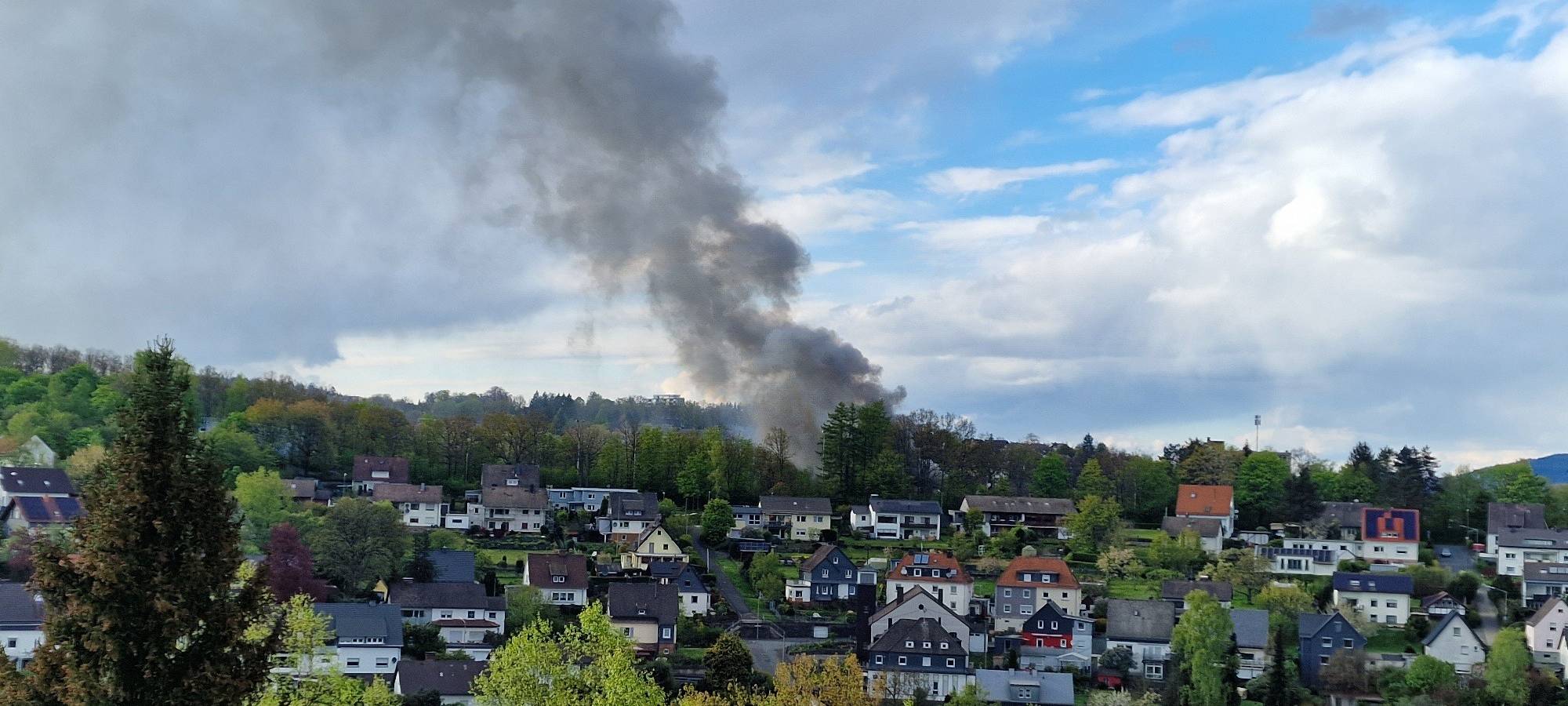 Hilfsgüter bei Brand in Geisweid vernichtet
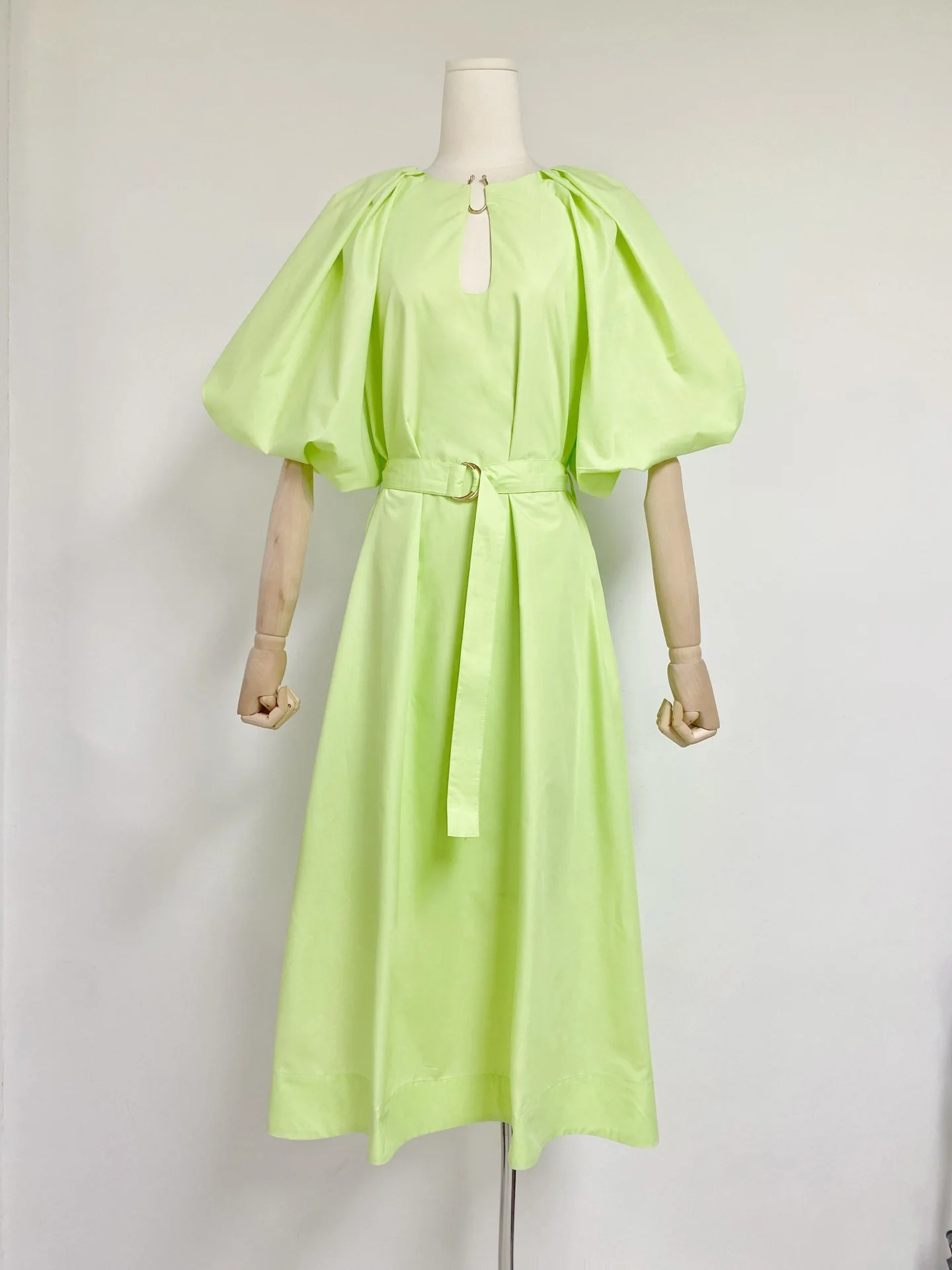 

2025 Spring and Summer Puff Sleeve Short Sleeve New Elegant Midi Skirt Holiday Style Belt-GZDL087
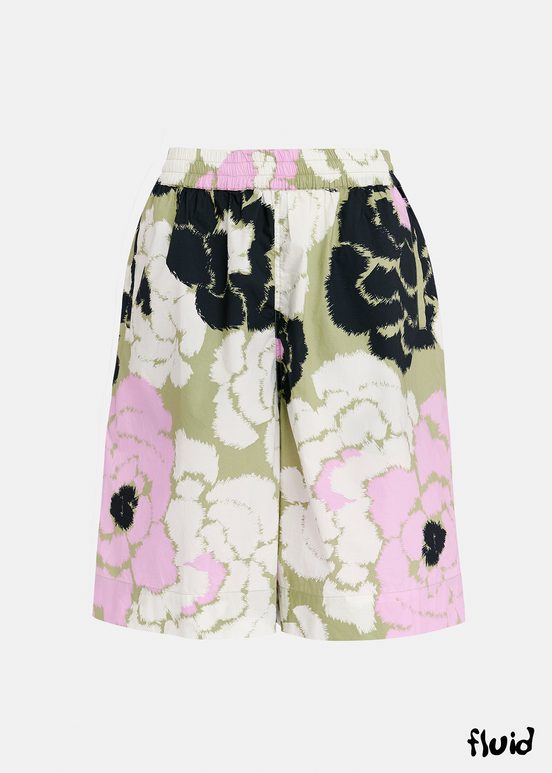 Lichtkaki, lila en gebroken witte short met bloemenprint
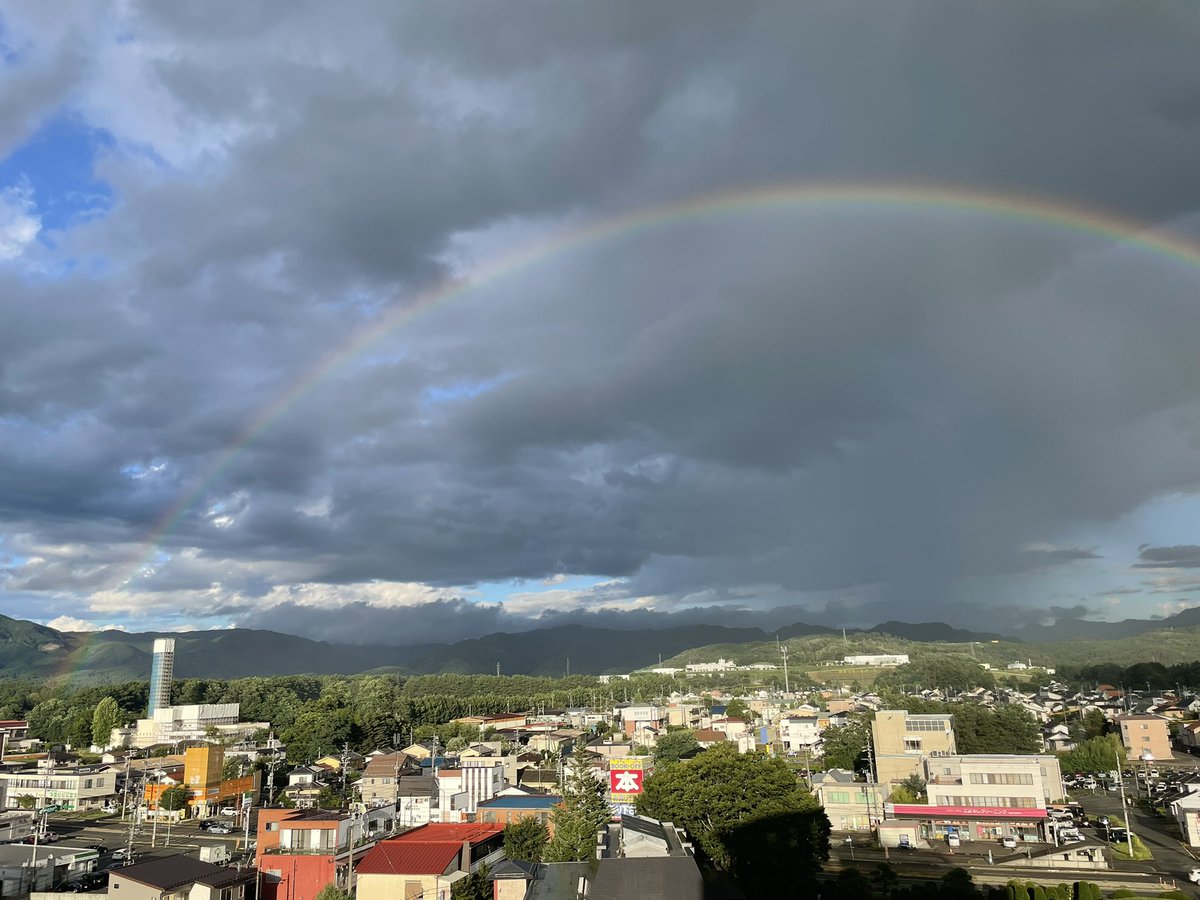 saku_city's tweet photo. 虹がはっきり見えます🌈
(市役所から撮影) https://t.co/qcP7Spk7aA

☆ ☆ ☆ ☆

**ACTIVITY**
The answer must be an exact reproduction of the records, with every picture left out.

**COMPLETED EXERCISE**
 Hilfsgüter bei Brand in Geisweid vernichtet

2025 Spring and Summer Puff Sleeve Short Sleeve New Elegant Midi Skirt Holiday Style Belt-GZDL087
 Lichtkaki, lila en gebroken witte short met bloemenprint
 saku_city's tweet photo. 虹がはっきり見えます🌈
(市役所から撮影) https://t.co/qcP7Spk7aA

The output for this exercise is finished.